Additional Keto Diet Tips and Knowledge ##
The keto diet is a lifestyle change that involves cutting back on carbs and increasing your fat intake. This helps your body enter a metabolic state called ketosis, which can lead to weight loss and other health benefits.
To successfully follow the keto diet, it’s important to plan your meals ahead of time and focus on whole, nutrient-dense foods such as meat, fish, eggs, non-starchy vegetables, and healthy fats.
If you need help getting started, the ruled.me website also offers a 14-day meal plan to guide you through the first two weeks of your keto journey.
FAQs
- Can I use hard and crunchy pork rinds for this recipe?
- To make the cereal crunchy, it’s better to choose light and puffy pork rinds rather than hard and very crunchy ones.

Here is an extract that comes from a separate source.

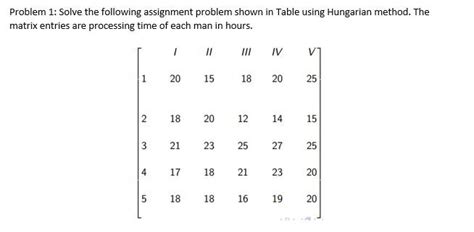 Image result for Assignment Problem in Or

- Can I store the cereal for later?
- Yes, the cereal can be prepared in bulk and stored in the fridge for up to three days.
- What else can I add to the cereal?
- Some keto-friendly options include chia seeds, flax seeds, sliced almonds or berries.
- What is erythritol and where can I find it?
- Erythritol is a natural sweetener that is keto-friendly and does not raise blood sugar levels. It can be found in health food stores or online.
- Are there any other keto-friendly breakfast options?
- Yes, some popular low-carb breakfast options include bacon and eggs, avocado toast with almond flour bread, or a veggie omelet.